ECLI:NL:TADRSGR:2023:248 Raad van Discipline 's-Gravenhage 23-301/DH/RO

ECLI: ECLI:NL:TADRSGR:2023:248
Datum uitspraak: 18-12-2023
Datum publicatie: 18-12-2023
Zaaknummer(s): 23-301/DH/RO
Onderwerp: Tuchtprocesrecht, subonderwerp: Hoger beroep niet mogelijk
Beslissingen: Beslissing op verzet
Inhoudsindicatie: Verzet ongegrond.

Beslissing van de Raad van Discipline in het ressort Den Haag van 18 december 2023 in de zaak 23-301/DH/RO naar aanleiding van het verzet tegen de beslissing van de voorzitter van de raad van discipline van 5 juli 2023 op de klacht van:

klager

over:    

verweerster    

1    VERLOOP VAN DE PROCEDURE
1.1    Op 18 december 2022 heeft klager bij de deken van de Orde van Advocaten in het arrondissement Rotterdam (hierna: de deken) een klacht ingediend over verweerster.
1.2    Op 24 april 2023 heeft de raad het klachtdossier met kenmerk R 2023/27 van de deken ontvangen. 
1.3    Bij beslissing van 5 juli 2023 heeft de voorzitter van de raad (hierna ook: de voorzitter) de klacht deels niet-ontvankelijk en deels kennelijk ongegrond verklaard.

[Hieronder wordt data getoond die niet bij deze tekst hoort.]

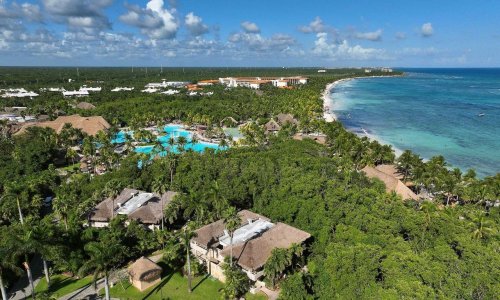 Grand Palladium Colonial Resort & Spa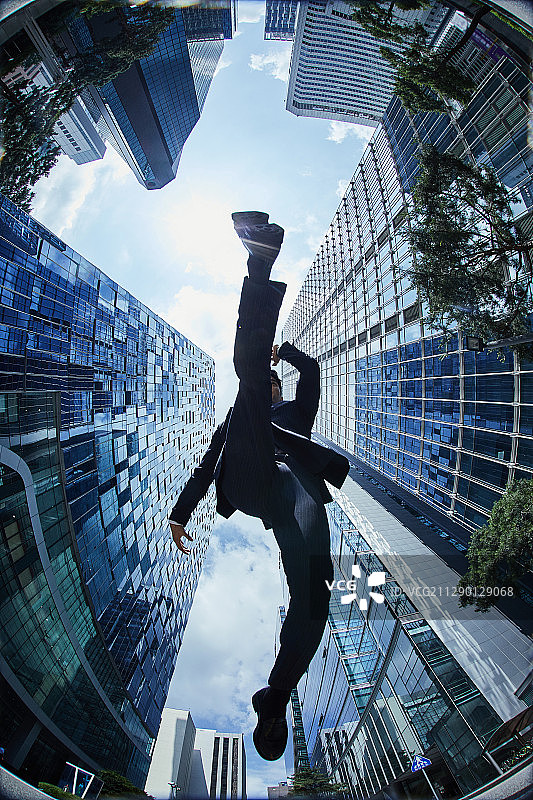 商务：商人，克服危机，挑战，自信，起步，激情图片素材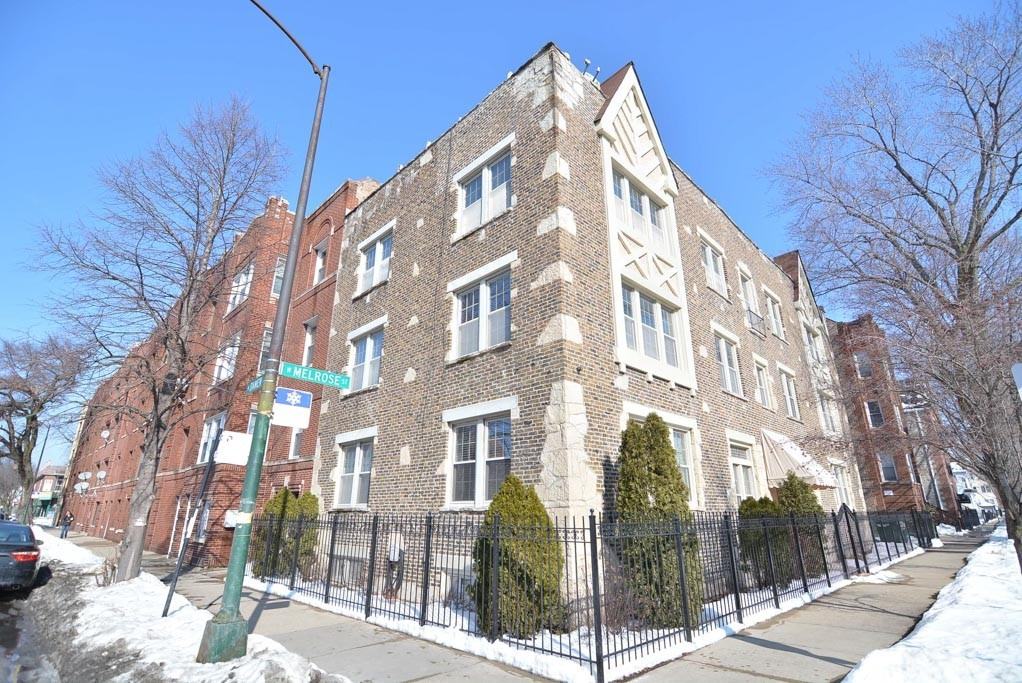 3239 N Damen Ave #10Q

Deze beslissing is op 5 juli 2023 verzonden aan partijen.
1.4    Op 23 juli 2023 heeft klager verzet ingesteld tegen de beslissing van de voorzitter. De raad heeft het verzetschrift op dezelfde datum ontvangen.
1.5    Het verzet is behandeld op de zitting van de raad van 6 november 2023. Daarbij was klager aanwezig. Verweerster heeft de zitting via een videoverbinding bijgewoond.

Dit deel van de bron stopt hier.